DATA SHOWN.
□ □ □ □ □ □ □

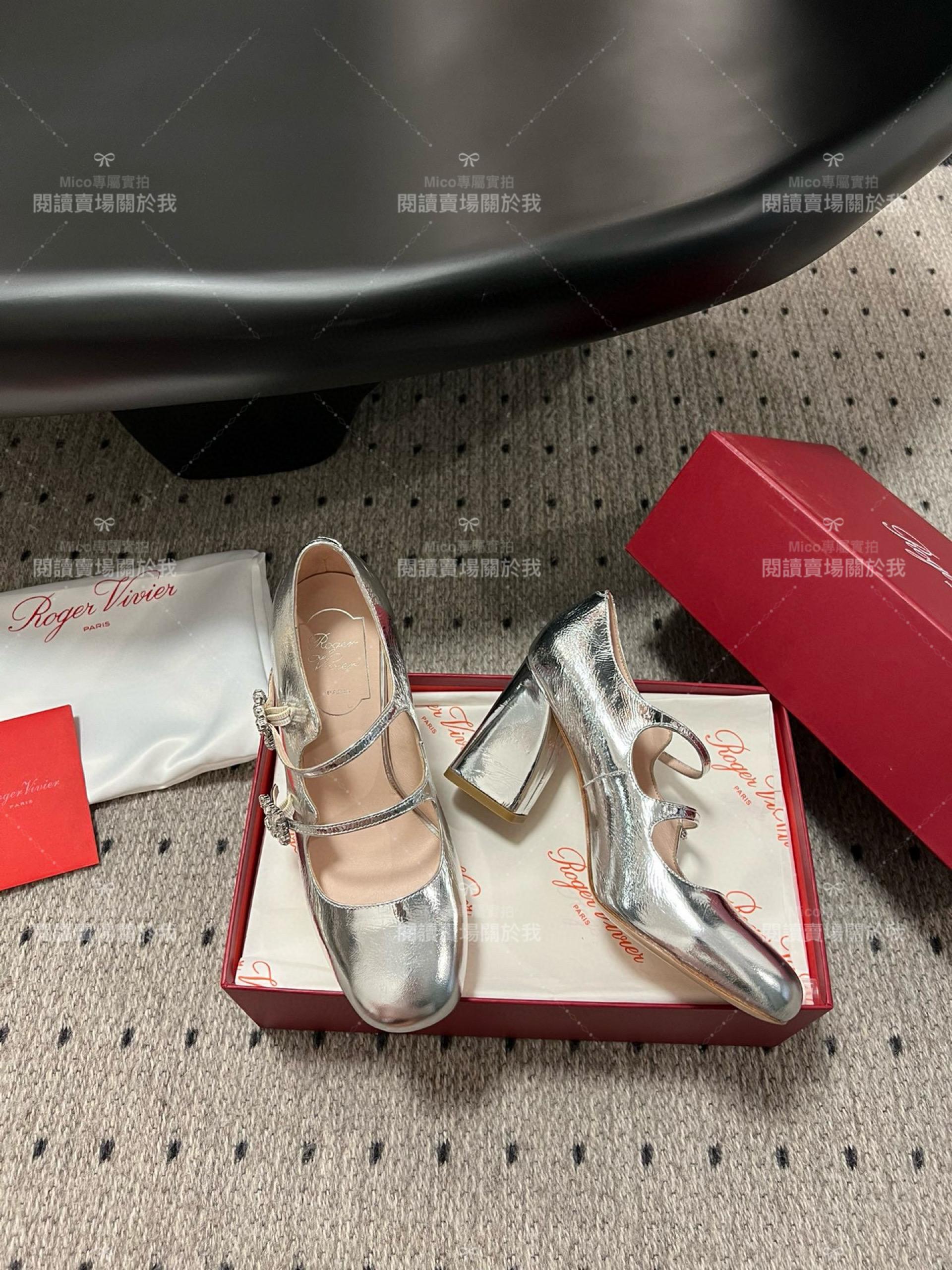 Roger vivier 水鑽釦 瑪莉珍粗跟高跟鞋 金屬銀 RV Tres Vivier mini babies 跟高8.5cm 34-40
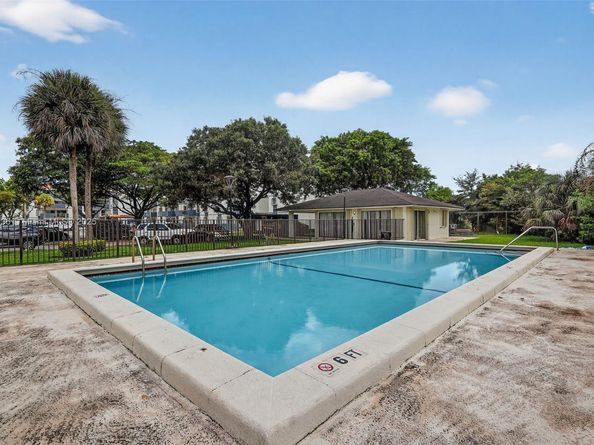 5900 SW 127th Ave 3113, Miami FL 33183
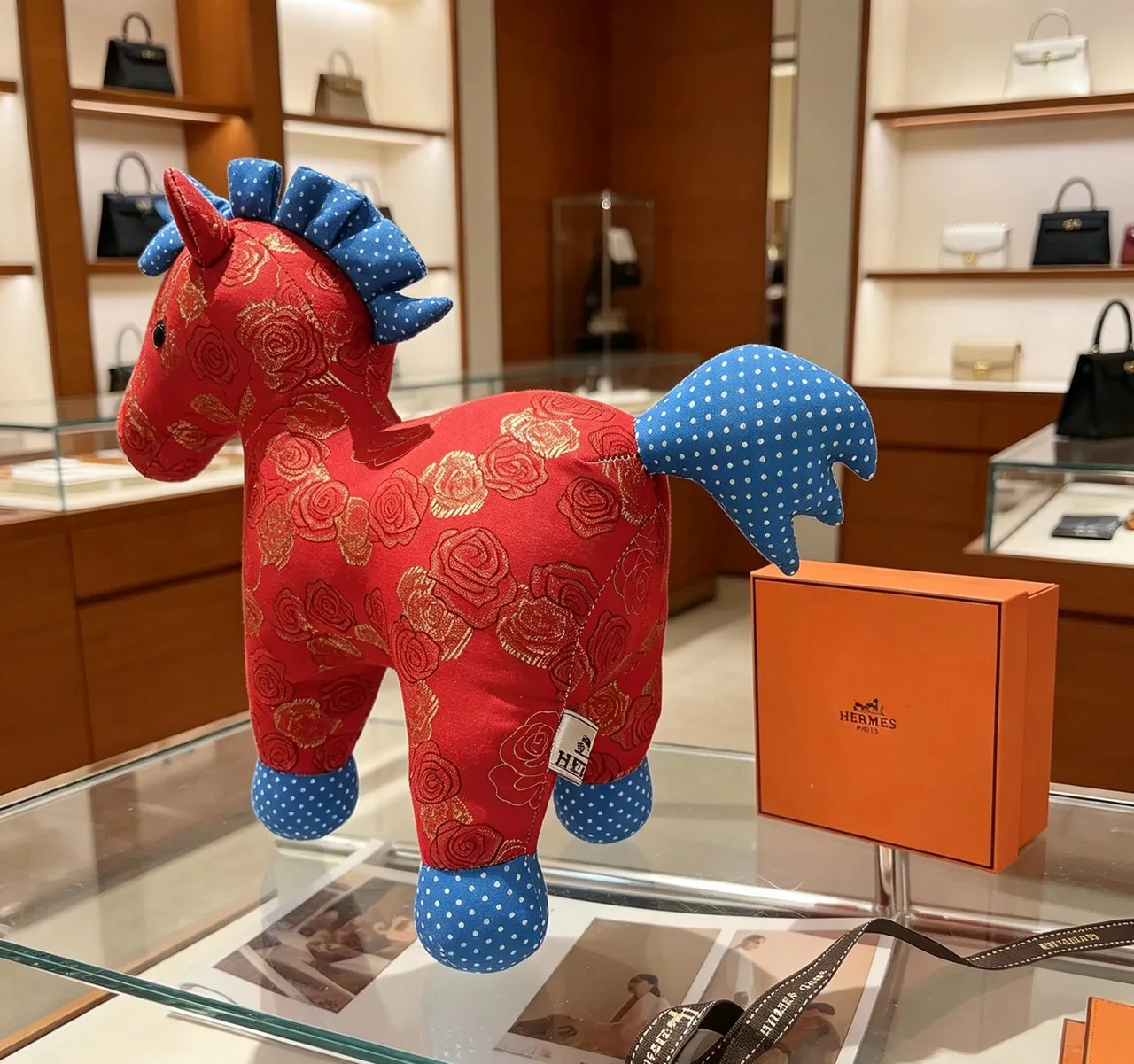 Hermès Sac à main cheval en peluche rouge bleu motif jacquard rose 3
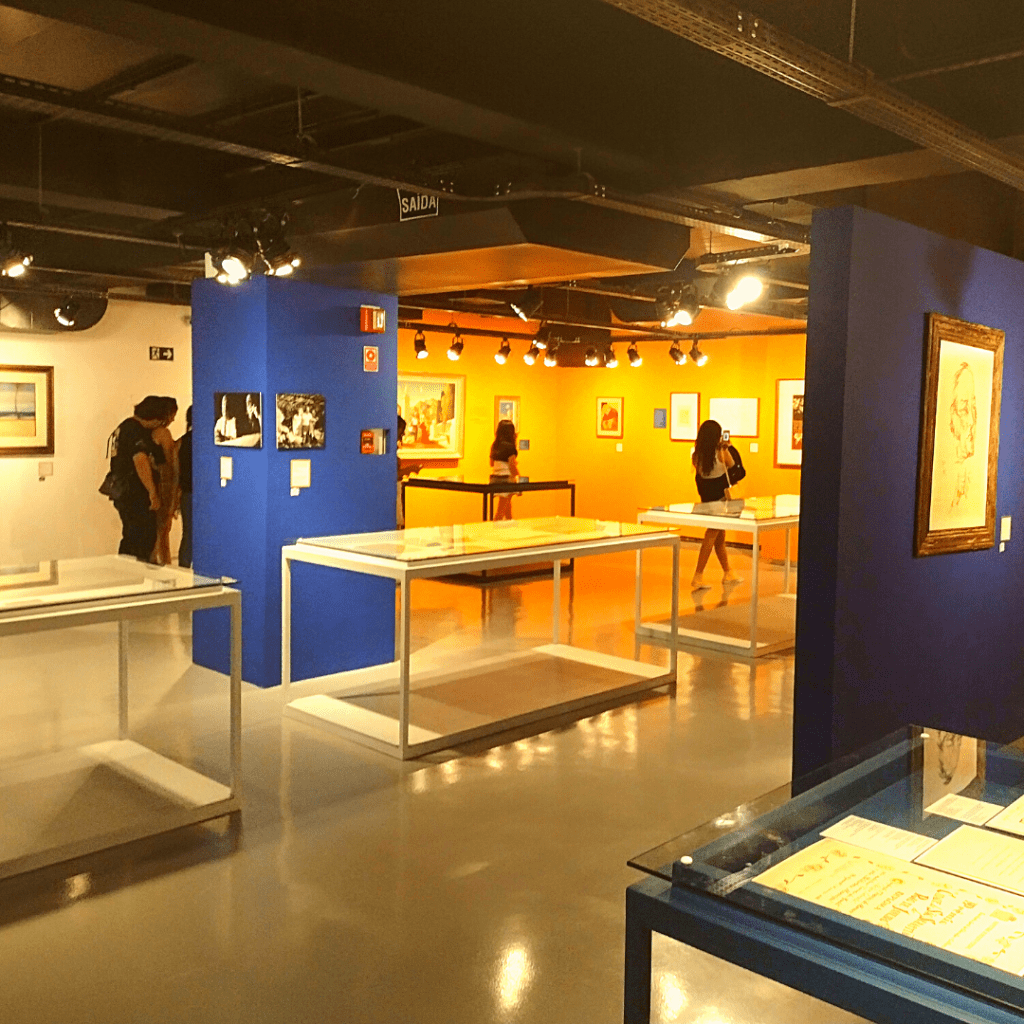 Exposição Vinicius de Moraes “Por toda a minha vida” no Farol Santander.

□ □ □ □ □ □ □

TASK BRIEF. Starting with the line that contains "5900 SW 127th Ave 3113, Miami FL 33183", repeat each line exactly through the last line of the data above, and nothing more; the pictures stay out.

OUTPUT BELOW.
 5900 SW 127th Ave 3113, Miami FL 33183
 Hermès Sac à main cheval en peluche rouge bleu motif jacquard rose 3
 Exposição Vinicius de Moraes “Por toda a minha vida” no Farol Santander.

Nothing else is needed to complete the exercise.